Short descriptive text snippets
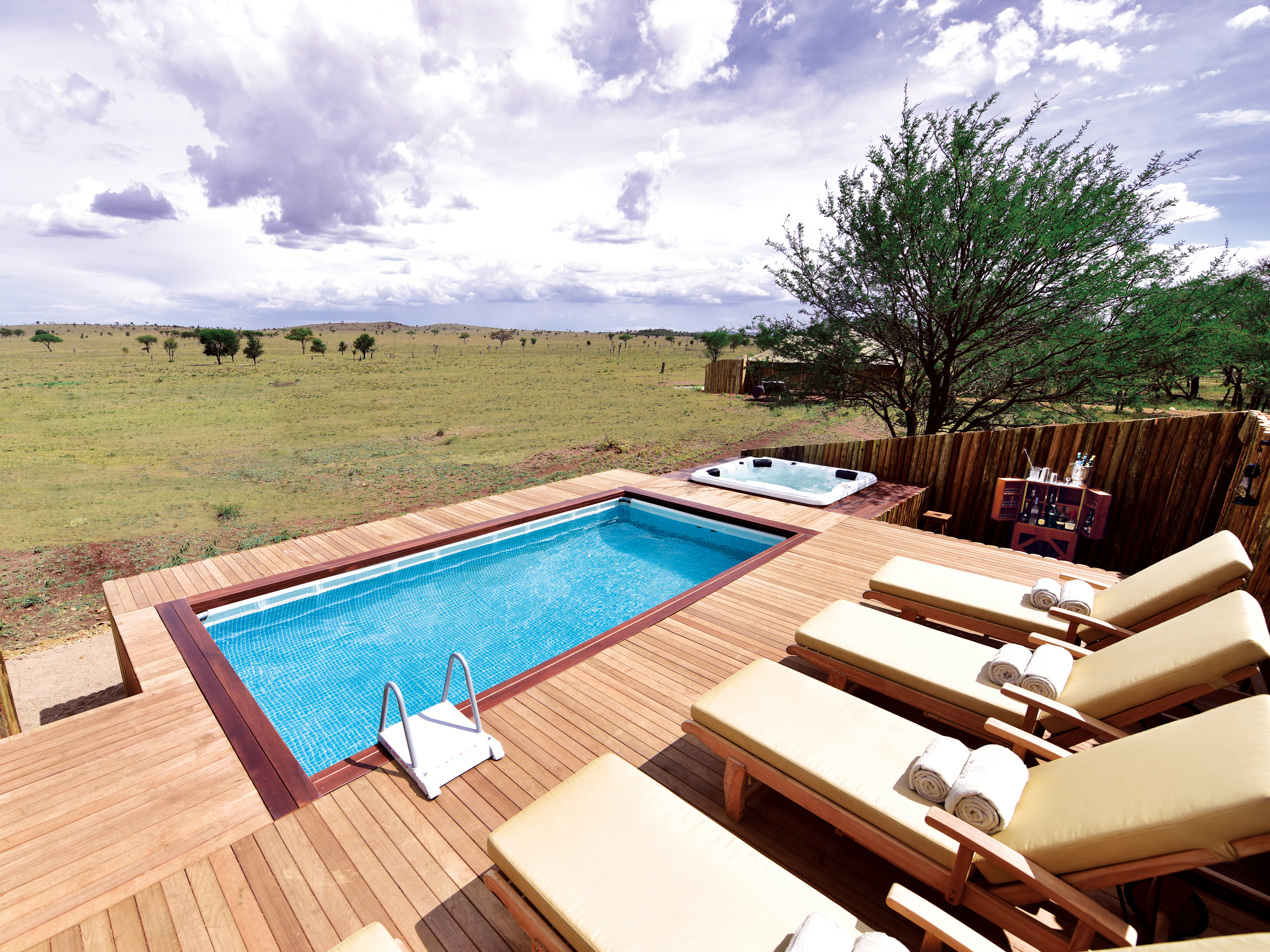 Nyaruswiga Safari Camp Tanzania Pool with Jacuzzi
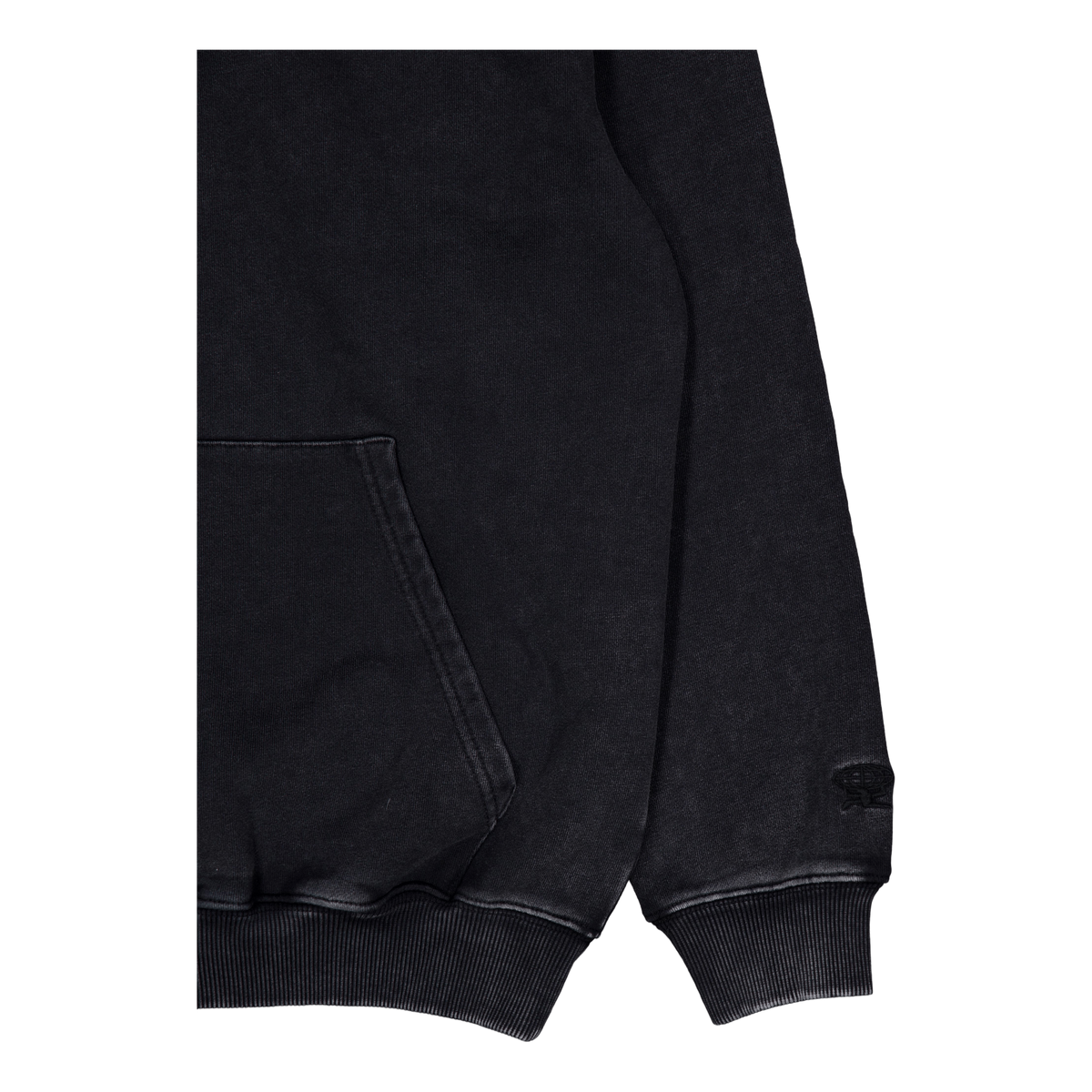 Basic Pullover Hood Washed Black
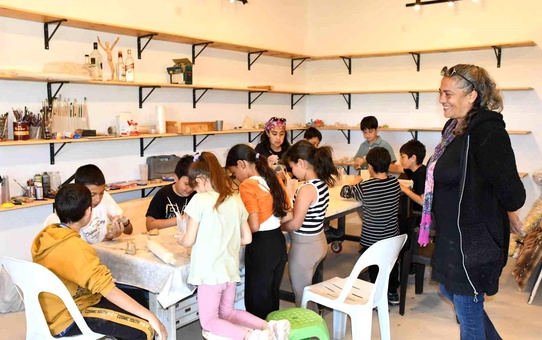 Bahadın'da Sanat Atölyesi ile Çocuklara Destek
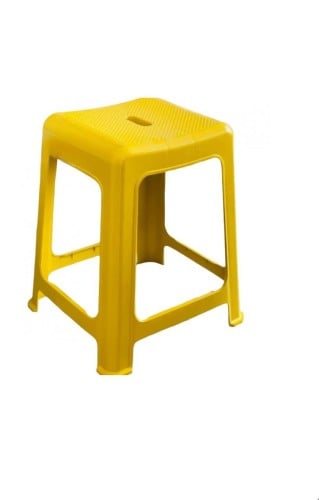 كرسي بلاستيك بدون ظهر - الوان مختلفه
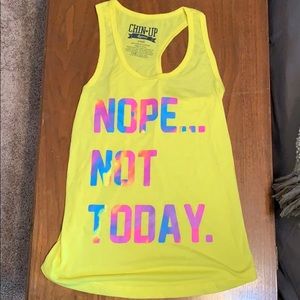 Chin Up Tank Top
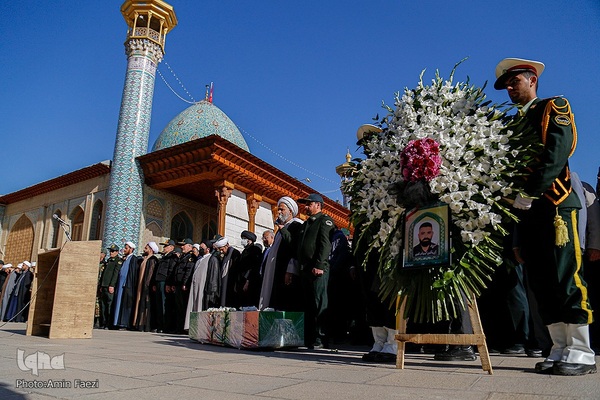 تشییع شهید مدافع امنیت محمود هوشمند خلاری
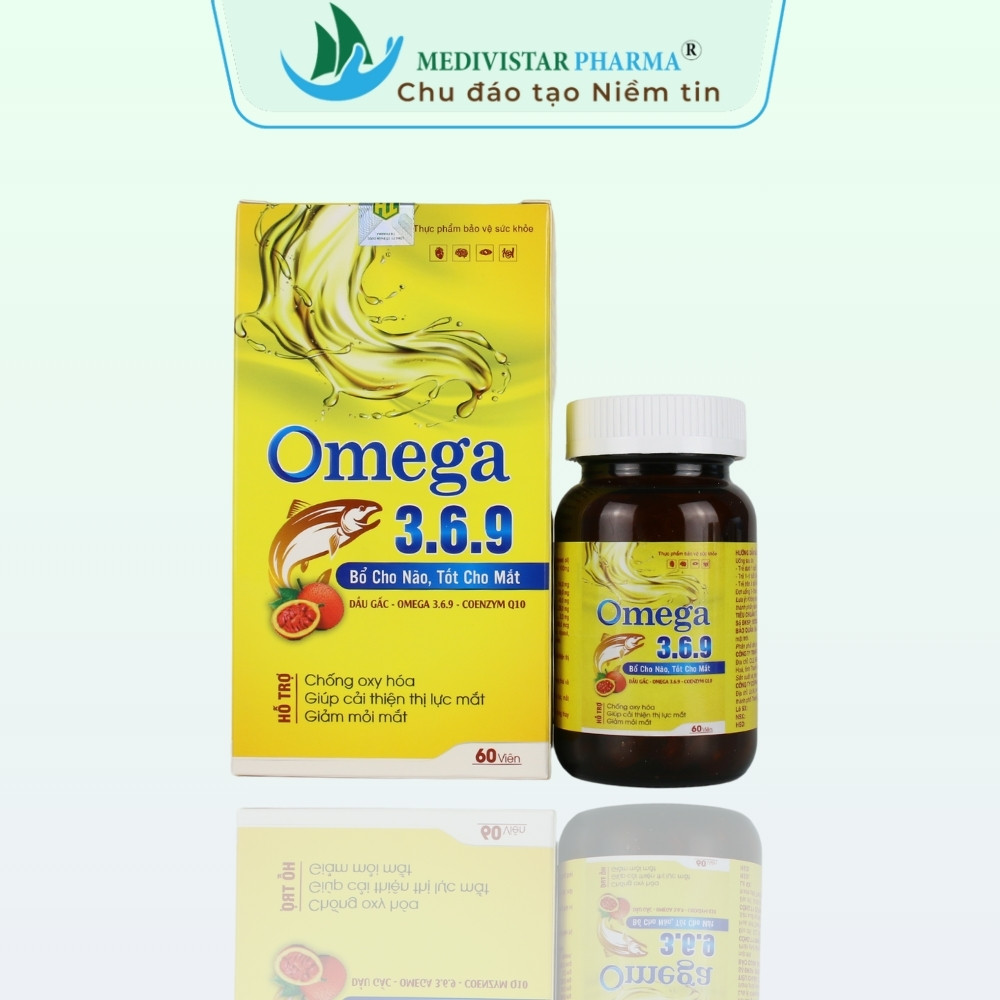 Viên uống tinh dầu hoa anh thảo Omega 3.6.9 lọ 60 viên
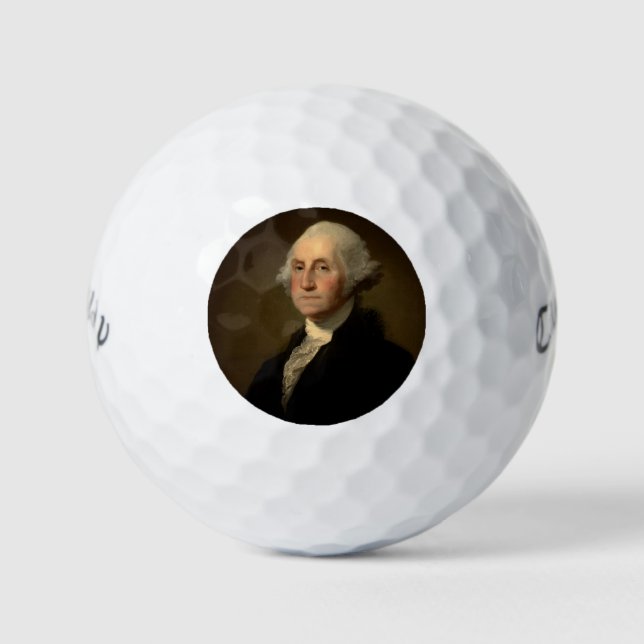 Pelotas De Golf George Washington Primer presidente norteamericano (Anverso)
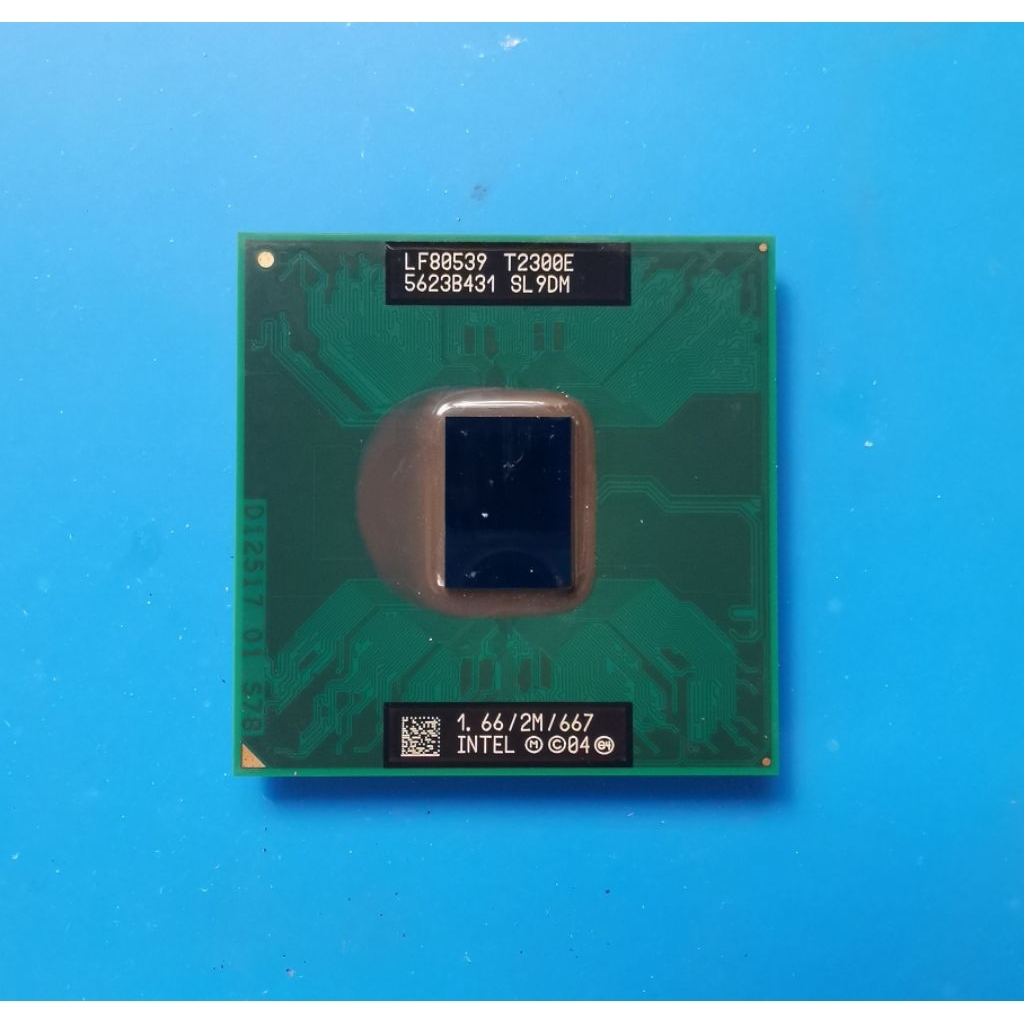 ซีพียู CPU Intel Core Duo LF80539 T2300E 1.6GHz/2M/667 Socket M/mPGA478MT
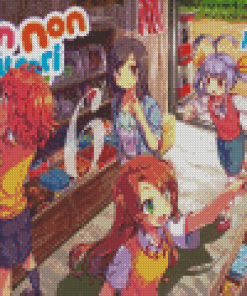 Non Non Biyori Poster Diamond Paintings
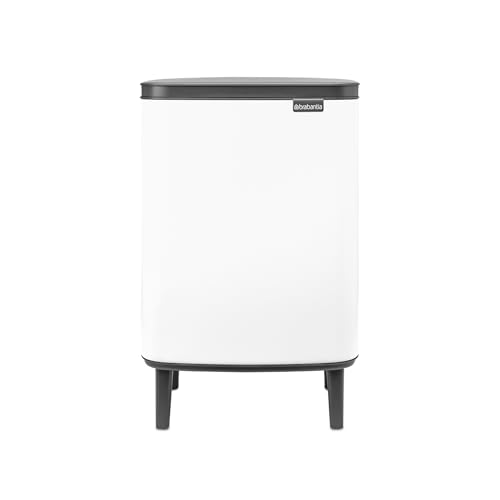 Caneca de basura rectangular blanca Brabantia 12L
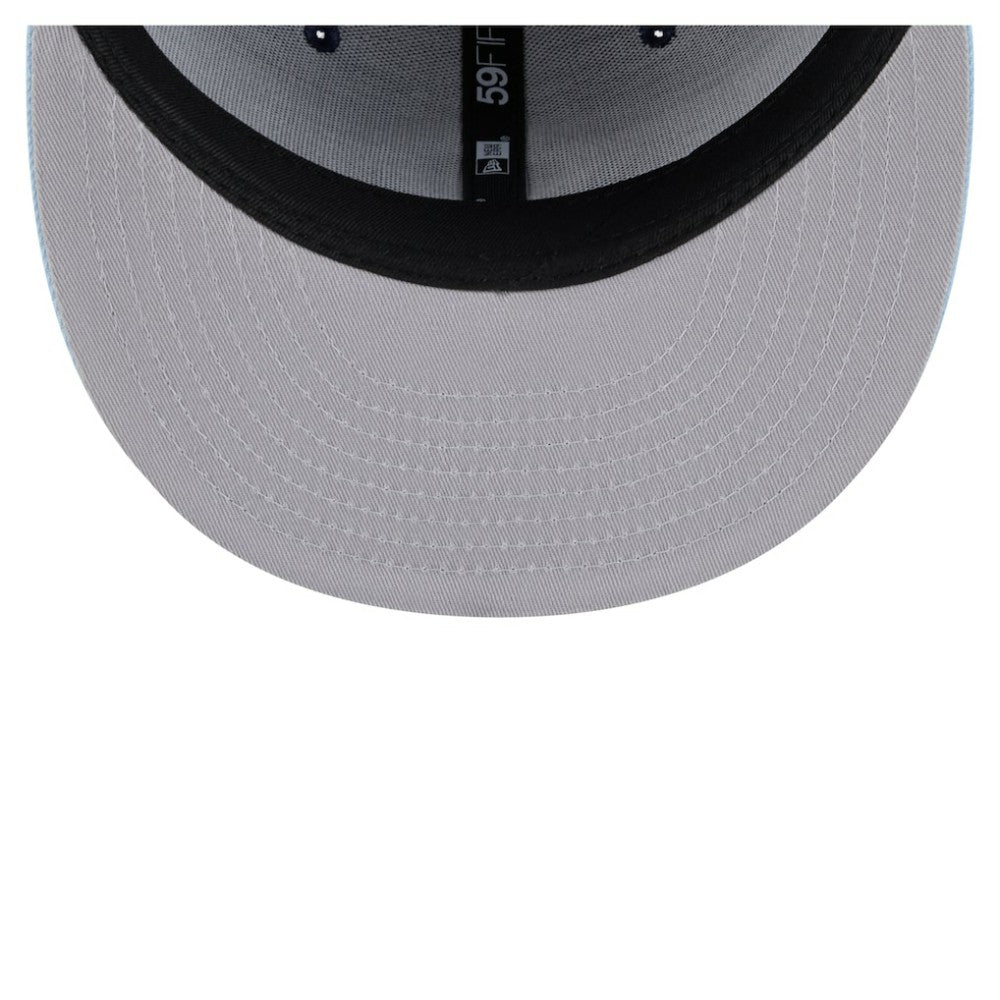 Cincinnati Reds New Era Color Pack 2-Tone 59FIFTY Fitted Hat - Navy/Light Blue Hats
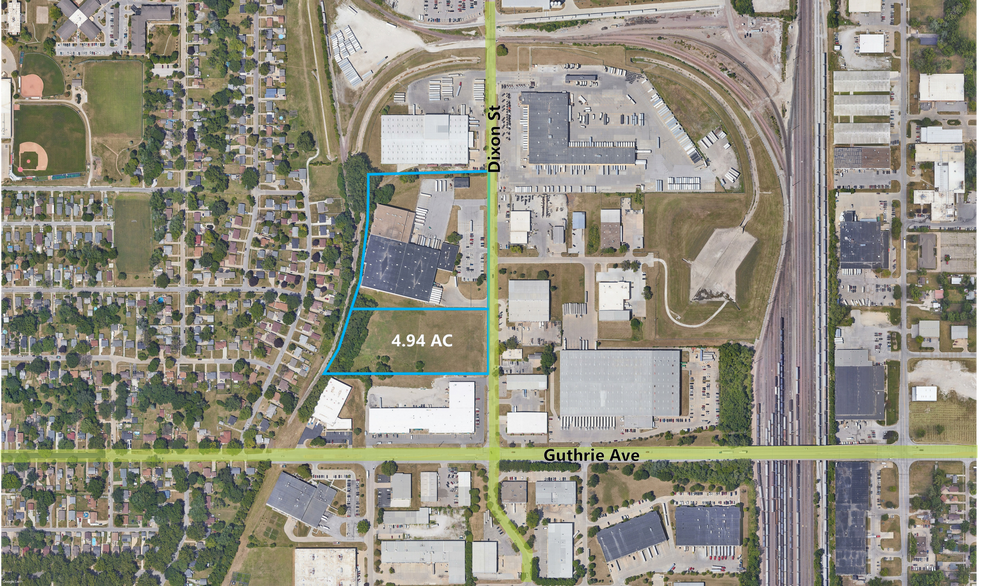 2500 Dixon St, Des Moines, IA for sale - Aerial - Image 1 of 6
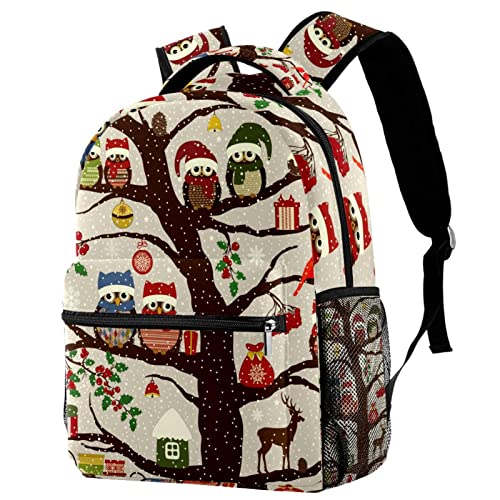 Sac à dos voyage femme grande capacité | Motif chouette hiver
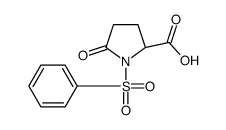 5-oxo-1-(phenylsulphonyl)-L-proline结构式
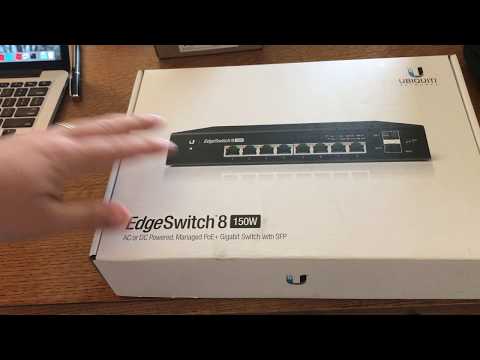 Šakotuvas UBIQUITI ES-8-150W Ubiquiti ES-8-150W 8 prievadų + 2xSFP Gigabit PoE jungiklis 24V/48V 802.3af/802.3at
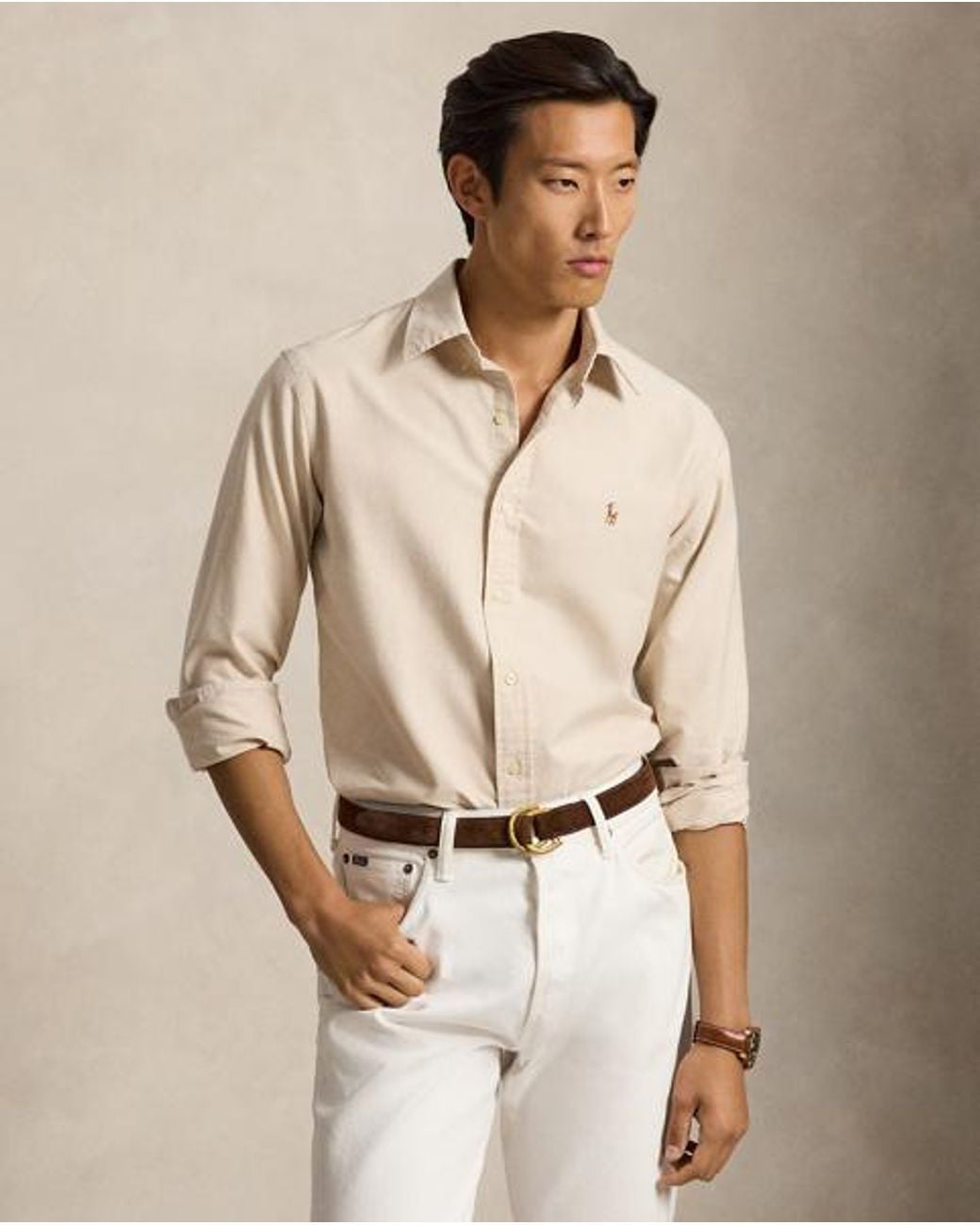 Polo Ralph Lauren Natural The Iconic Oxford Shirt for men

What you should do: The reply needs to repeat exactly the line containing "Bahadın'da Sanat Atölyesi" and each line after it, through the final line of the entries above, and to skip the pictures.

Solution to this exercise:
 Bahadın'da Sanat Atölyesi ile Çocuklara Destek
 كرسي بلاستيك بدون ظهر - الوان مختلفه
 Chin Up Tank Top
 تشییع شهید مدافع امنیت محمود هوشمند خلاری
 Viên uống tinh dầu hoa anh thảo Omega 3.6.9 lọ 60 viên
 Pelotas De Golf George Washington Primer presidente norteamericano (Anverso)
 ซีพียู CPU Intel Core Duo LF80539 T2300E 1.6GHz/2M/667 Socket M/mPGA478MT
 Non Non Biyori Poster Diamond Paintings
 Caneca de basura rectangular blanca Brabantia 12L
 Cincinnati Reds New Era Color Pack 2-Tone 59FIFTY Fitted Hat - Navy/Light Blue Hats
 2500 Dixon St, Des Moines, IA for sale - Aerial - Image 1 of 6
 Sac à dos voyage femme grande capacité | Motif chouette hiver
 5-oxo-1-(phenylsulphonyl)-L-proline结构式
 Šakotuvas UBIQUITI ES-8-150W Ubiquiti ES-8-150W 8 prievadų + 2xSFP Gigabit PoE jungiklis 24V/48V 802.3af/802.3at
 Polo Ralph Lauren Natural The Iconic Oxford Shirt for men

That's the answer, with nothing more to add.